▶ Required work
Restate exactly, and only, the lines from the one with "Grape Salad" through the end of the data, with both of those end lines kept. Drop any pictures.

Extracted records
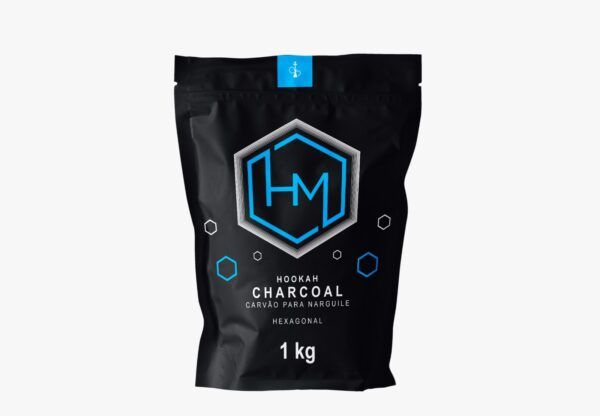 CARVÃO HM 1KG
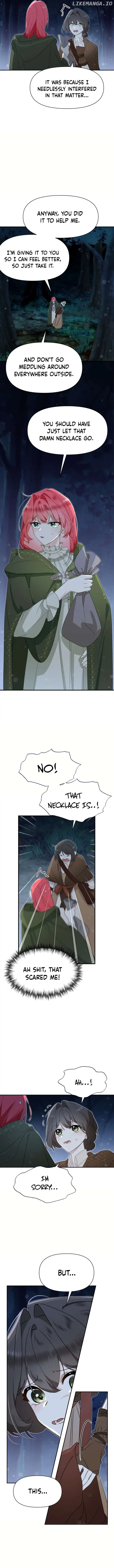 Another World Dump Truck Chapter 12 - Page 5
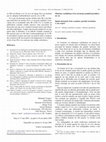 Research paper thumbnail of Métastase rachidienne d'un carcinome primitif parotidien : un cas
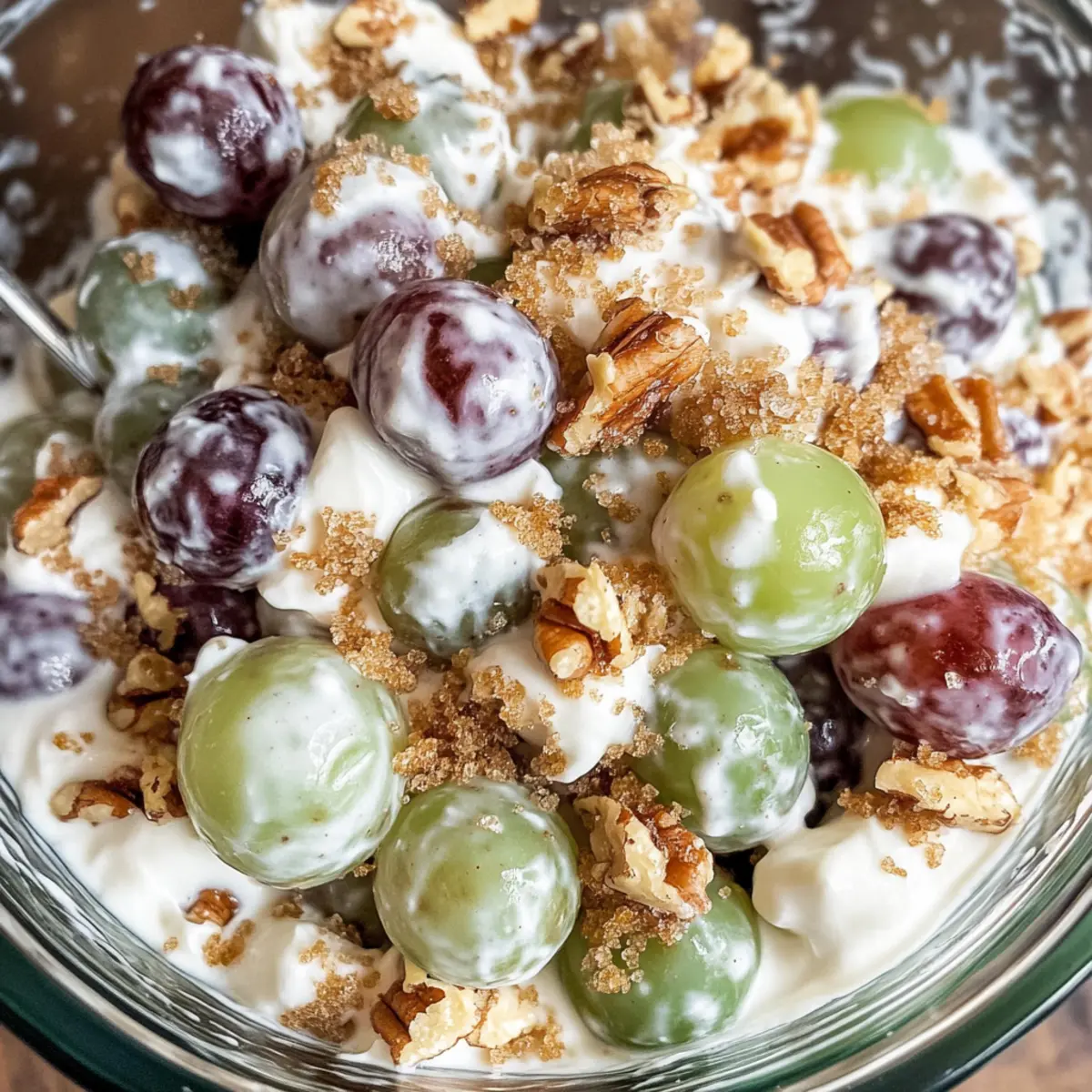 Grape Salad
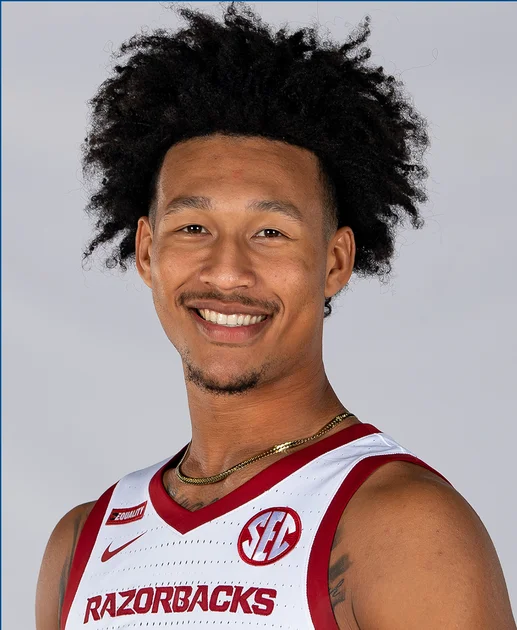 Jaylin Williams - Men's Basketball - Arkansas Razorbacks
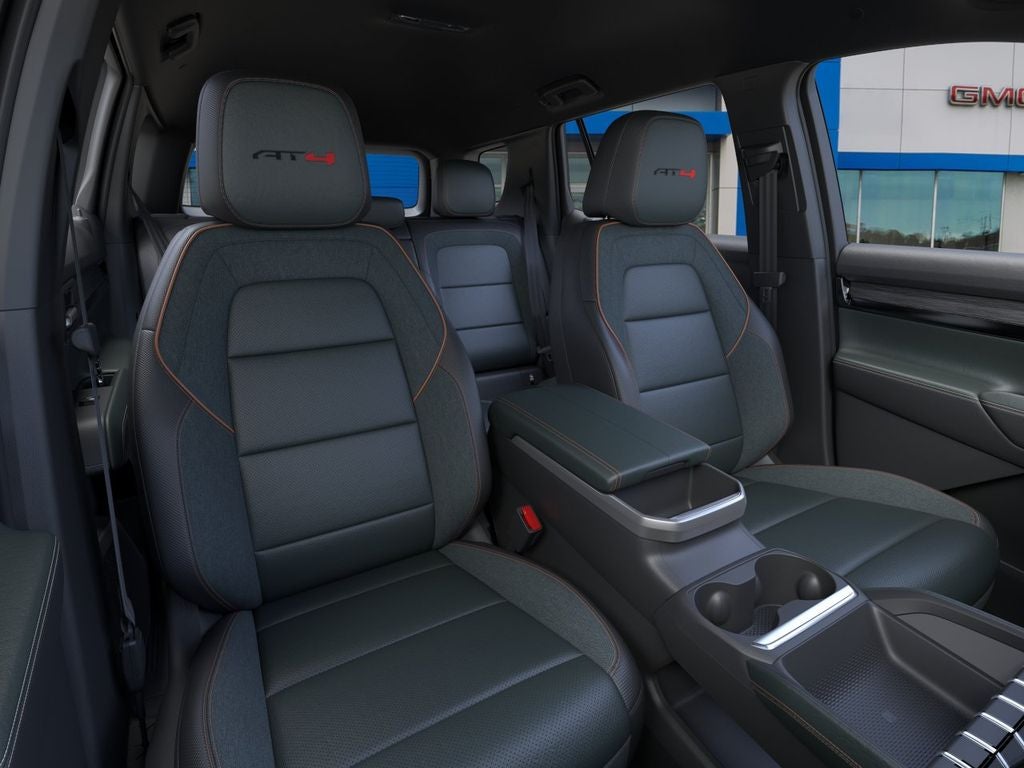 2026 GMC Terrain AT4 - Photo 16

▶ Result for this task
 Grape Salad
 Jaylin Williams - Men's Basketball - Arkansas Razorbacks
 2026 GMC Terrain AT4 - Photo 16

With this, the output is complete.